The threshold between an angel round and a series A is determined by your
articles of incorporation. It's usually between 2 and 5 million. Before your
series A you have no valuation b/c it would be a waste of money to determine
it. Once you have matured and you raise enough money to go past the 2 to 5
million "convertible threshold," you get a valuation and issue class A stock
to your investors and angels. Your angels convert from a convertible note to
class A stock at the pre-money valuation and they get to ride the "valuation
bump" the series A investors put in for free.
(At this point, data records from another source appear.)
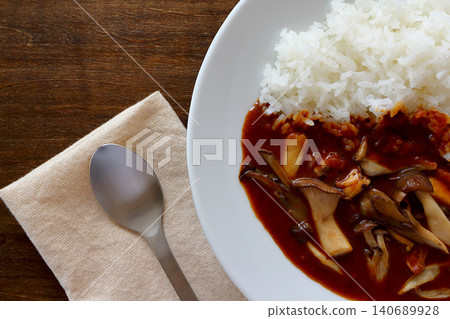 Mushroom curry rice with a table background viewed from directly above. Mushroom curry rice with a table background viewed from directly above. 140689928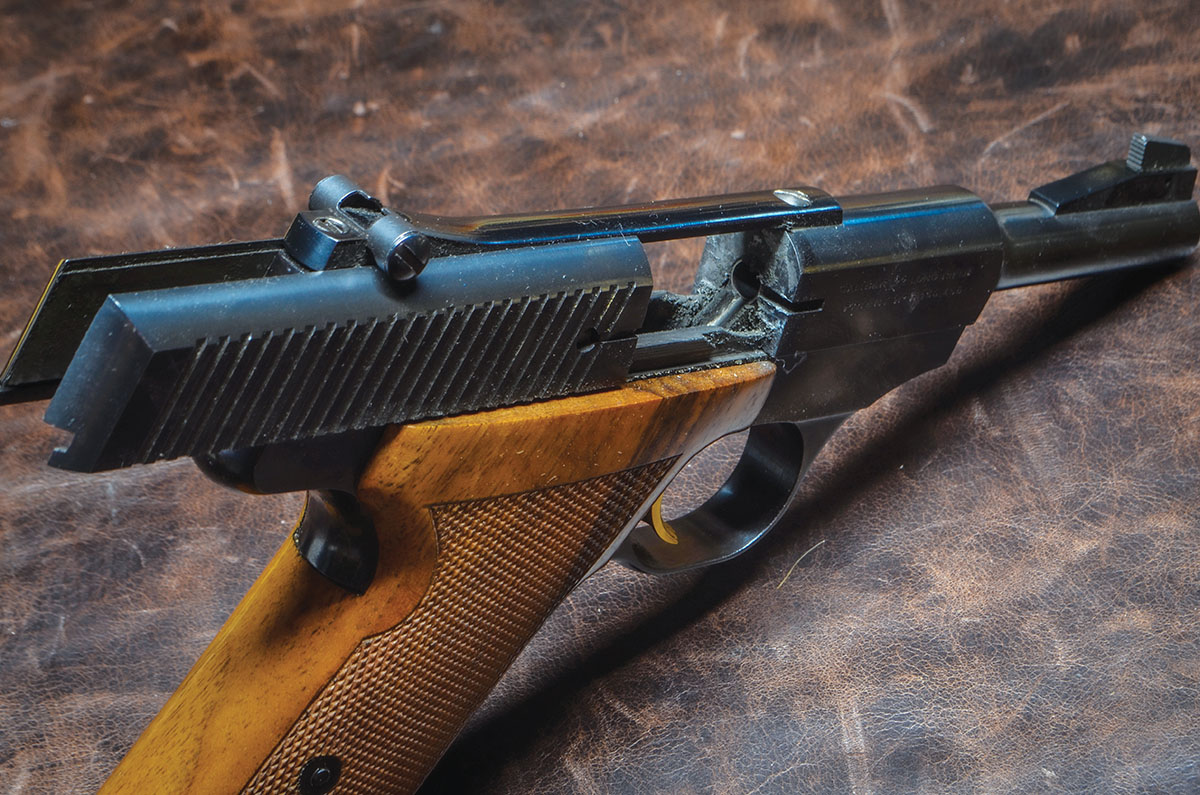 The Challenger’s rear sight was on a separate rib attached to the barrel, so it did not move as the slide recoiled.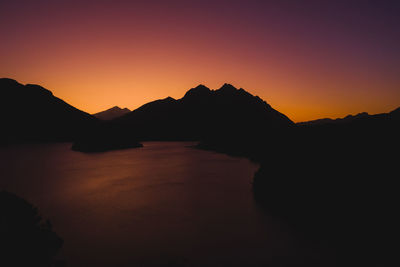 Scenic view of silhouette mountains against romantic sky at sunset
Ok, I reread this explanation and I hated it. This is how I actually
understand it:

// globals

double classAThreashold = callLaywers( "Halp!" );

double outstandingShares = callLawyers( "Oh noes!" );

double amountInvested = 0;

void enterNewInvestment( double newInvestment )

{

    
    
        if( newInvestment + amountInvested >= classAThreshold ) {
    
            double preMoneyValuation = getValuation();
    
            vector< double > percentagePerInvestor;
    
            for( int i = 0; i < angelInvestments.size(); ++i ) {
    
                // convertible notes convert here:
    
                percentagePerInvestor.push_back( angelInvestments[ i ] / preMoneyValuation );
    
           }
    
           percentagePerInvestor.push_back( newInvestment / preMoneyValuation );
    
           for( int i = 0; i < percentagePerInvestor.size(); ++i ) {
    
               cout << "Shares for investor # " << i << " " << percentagePerInvestor[ i ] * outstandingShares;
           
           }
           
           cout << "the company is now worth :"  << preMoneyValuation + newInvestment;
    
        } else {
    
           angelInvestments.push_back( newInvestment );
    
        }
    
        amountInvested += newInvestment;
    

}

This is how I understand the whole process. It took my lawyers a long time to
explain it all to me and I'm probably still screwing something up. Go easy on
C++ :)

[updated a few bug fixes]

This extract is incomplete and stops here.